If you want to believe that God created the universe in an absolute space of 1 literal exhaustively defined day (24 hour delineating down past the nano-second - what can God do in a nano-second?) as Man has understood the span of time from antiquity, that is fine, but I think it is the height of the fundamentalist worldview (the bad sort of fundamentalism ;)) to ignore the complexity of time relativity and physics to the degree that one would disallow serving office based on it.
 
amh said:
In other words if I accepted this particular argument you've made about binding God to His own day language, it would be presumptuous of me, confessing an ignorance of the secret will of God, to 'bind' Him to any particular reading of any text of Scripture -- including passages about redemption. Why should I bind Him to the literal meaning of any of the words He's used? That kind of argument leads to a God who speaks nonsense because He can't be 'bound' to human speech.

Well - in a sense He cannot be bound - God has spoken exhaustively concerning the salvation of Man through His Spirit-inspired workman - can anyone say they have a perfect understanding of it?

Can anyone say they have a perfect understanding of what it is to be God and Man at the same time?

Does anyone claim to have a perfect understanding of the Trinity?

Why should we presume to understand perfectly the working out of creation in time just because God used the symbols and units of Man through Man to describe His work?
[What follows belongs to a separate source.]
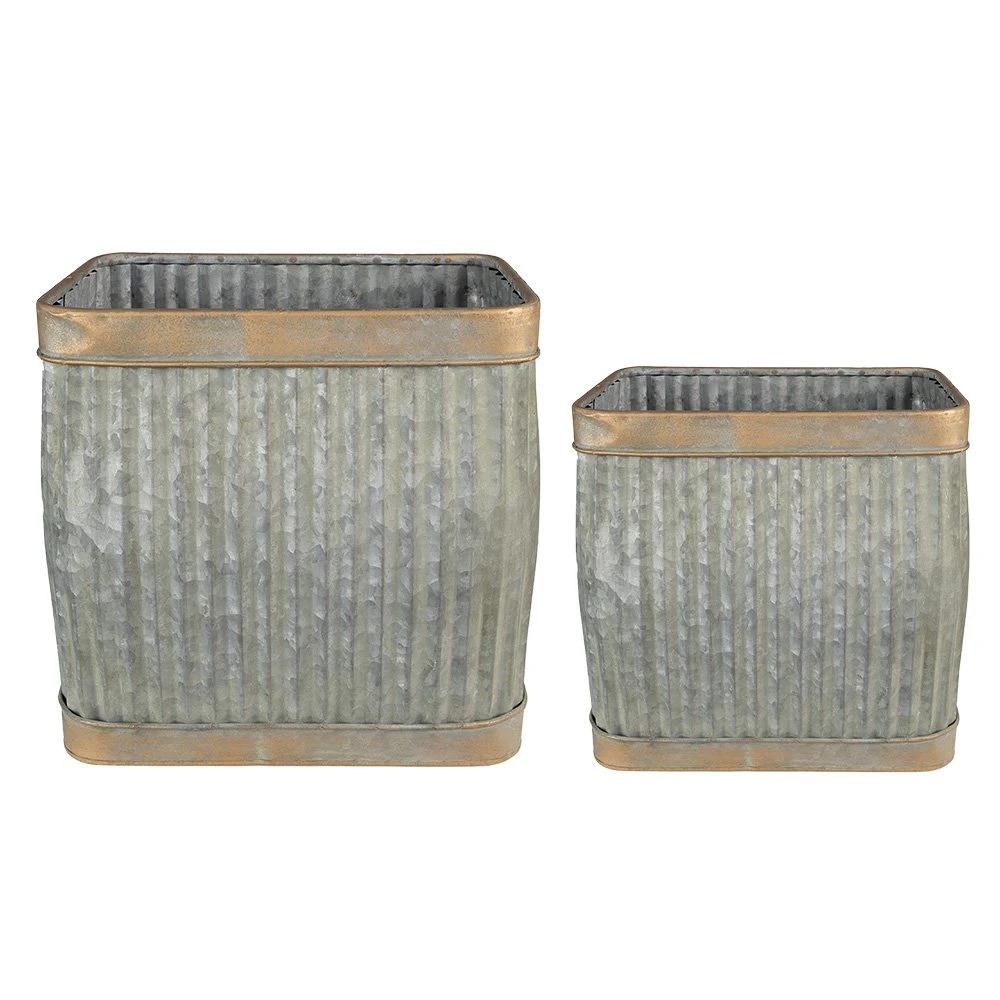 Decoration plant holder (2) 38x27x39 / 32x21x31 cm by Clayre & Eef.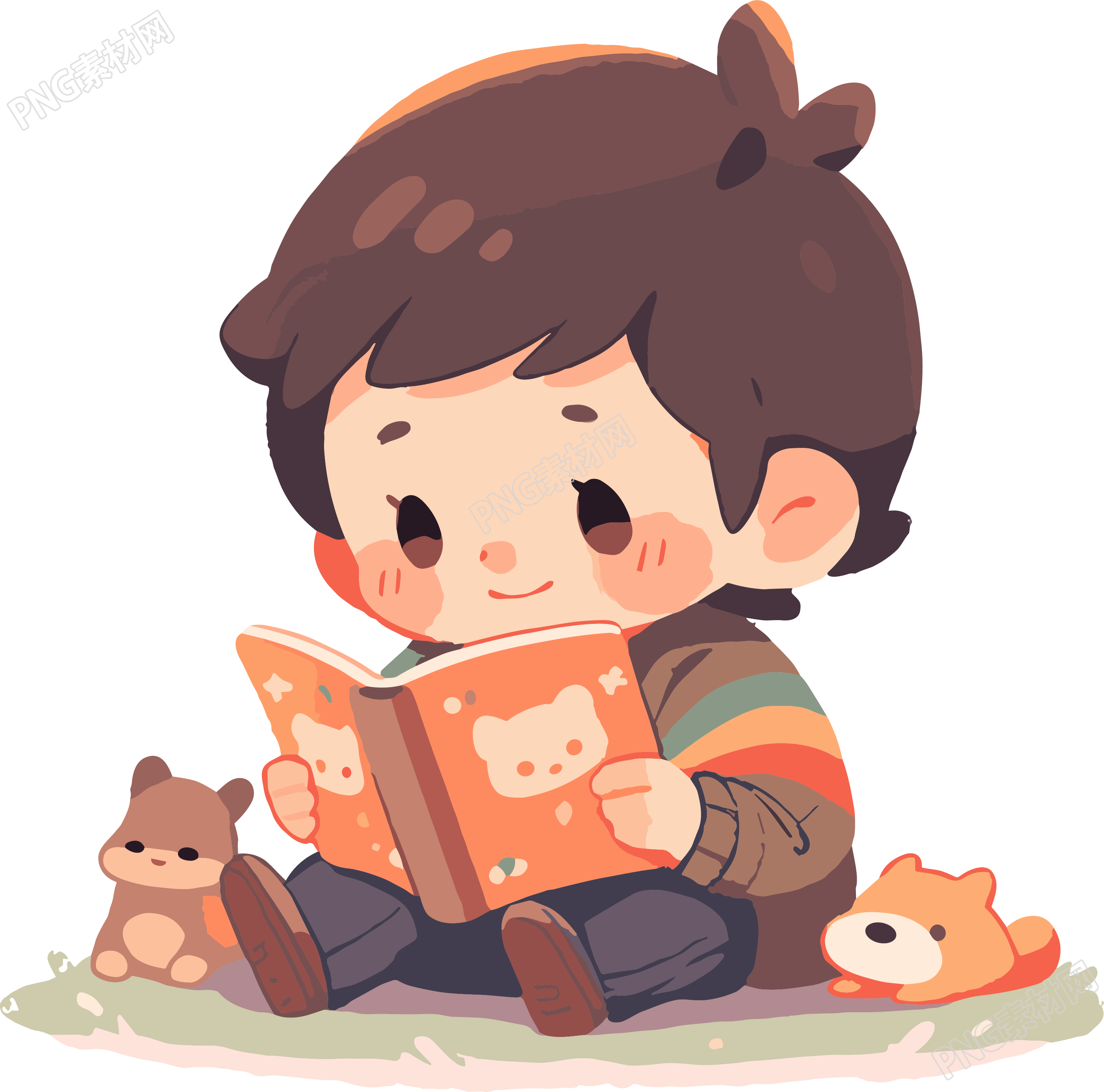 小男孩读书2D图形插画元素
It seems arrogant to presume in areas not exhaustively determined.

I would also contend that God binds us to His words, not vice versa. :)
 
How can one have a literal "morning and evening" on the first 3 days when the Sun was created on the fourth day? By definition a "morning" and an "evening" need both a sun and an earth (otherwise there's not sunrise and sunsets). If you say "morning and evening" = a 24 hour period then you've ceased to read the text literally, because it doesn't say 24 hours it says "morning and evening".

Marty, if you read the text literally you will notice that it doesn't speak about the sun but the "light bearer." In biblical cosmology the sun is merely a governor of the day, not the "God" of it. God controls the revolution of time, and He does so by alternating light and darkness. The sun, moon, and stars are merely the markers of this alternation. See also the creation hymns of Pss. 19 and 104.
 
amh said:
I do think it is a very dangerous position to hold: the argument you made above seems to me, to be rather dangerous.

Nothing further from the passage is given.